I want a ground plane for several reasons: (1) to reduce the EMI (2) I
need a large ground conductor to deal with the large currents so I might
as well use a ground plane, surely?

Well, that's your choice. There's no clear-cut yes or no for an 85 kHz
switching frequency. But 151 pF is 12400 ohms at 85 kHz, so it's not
likely to matter. The ground-plane helps with EMC partly *because* of
these shunt capacitances.

 

[Terry Given]

One would hope so. Parasitics and strays in linear, high-current power
supplies! Whatever next?

really? you might want to re-think that statement...
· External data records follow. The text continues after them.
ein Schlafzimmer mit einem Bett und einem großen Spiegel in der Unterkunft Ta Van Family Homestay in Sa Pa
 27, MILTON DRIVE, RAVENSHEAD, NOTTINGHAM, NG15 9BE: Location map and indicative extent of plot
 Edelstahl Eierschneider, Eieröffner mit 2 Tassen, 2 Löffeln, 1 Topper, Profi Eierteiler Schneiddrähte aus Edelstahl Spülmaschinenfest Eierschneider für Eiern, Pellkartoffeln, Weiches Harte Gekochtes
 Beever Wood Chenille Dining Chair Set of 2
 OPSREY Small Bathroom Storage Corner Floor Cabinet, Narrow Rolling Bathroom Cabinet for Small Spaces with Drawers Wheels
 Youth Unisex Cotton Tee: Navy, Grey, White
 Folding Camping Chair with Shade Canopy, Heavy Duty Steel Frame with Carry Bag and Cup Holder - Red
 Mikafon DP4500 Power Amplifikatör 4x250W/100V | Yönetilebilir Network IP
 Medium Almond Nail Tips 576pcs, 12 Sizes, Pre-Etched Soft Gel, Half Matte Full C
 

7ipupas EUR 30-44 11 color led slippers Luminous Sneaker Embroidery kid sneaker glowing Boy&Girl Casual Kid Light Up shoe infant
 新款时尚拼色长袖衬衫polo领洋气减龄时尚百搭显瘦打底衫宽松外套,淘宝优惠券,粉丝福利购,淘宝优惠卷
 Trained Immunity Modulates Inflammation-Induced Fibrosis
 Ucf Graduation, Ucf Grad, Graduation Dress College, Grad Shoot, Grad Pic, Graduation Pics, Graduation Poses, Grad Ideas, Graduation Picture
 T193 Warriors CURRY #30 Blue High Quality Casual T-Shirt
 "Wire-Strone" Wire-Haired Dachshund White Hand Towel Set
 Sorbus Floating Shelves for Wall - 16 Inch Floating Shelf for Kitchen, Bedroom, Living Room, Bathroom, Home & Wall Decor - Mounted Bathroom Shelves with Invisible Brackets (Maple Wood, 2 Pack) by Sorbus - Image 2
have you ever tried using an LM338 (T0-3) without grounding the heatsink -
stray capacitance between the device and the heatsink can make them burst
into song. Years ago (as an intern) I designed a battery tester tester - a
13.8V 5A power supply that got hit with a pulsed load from the
battery-tester under test. And it oscillated. I had built hundreds
(literally) of DIY linear psu's before, and never had this problem. I tried
all the usual tricks (caps from everywhere to 0V), to no avail. After an
entire day of no success, I was almost in tears. My boss (PhD EE and a smart
guy) came along, asked what was up so I told him. He looked at my schematic,
then the prototype. He picked up a big fat screwdriver, and shorted the
heatsink to 0V (the enclosure). It immediately stopped singing.

The problem was twofold: stray C, and a REAL FAST STEP LOAD which excited
the oscillatory system. After I grounded the heatsink, I then had to remove
all of the stop-it-oscillating caps as my response was very slow. I forget
the frequency, but it was fairly fast, many 10s of kHz IIRC.

or build an LDO regulator, which tend to have very high gain, and invariably
turn into power oscillators - eg use a NS LP3961 3V3 800mA LDO regulator
with 10uF of ceramic output cap - watch it scream! (last-minute change as we
couldnt get the spec'd part, and I didnt read the datasheet....doh. nothing
replacing the X7R cap with a tant couldnt fix, so the production manager
didnt beat me)

cheers
Terry

 

[Terry Given]

Jack,
if the capacitance is of concern, yes, then you can lower the
capacitance by not having the tracks on top of each other.
If it matters, then you most likely also have to minimize the magnetic
field, meaning the tranck should be on top of each other.

I suggest to use heavier Copper, there are manufacturers that
do pcbs with 0.3mm, instead of the usual 0.035mm.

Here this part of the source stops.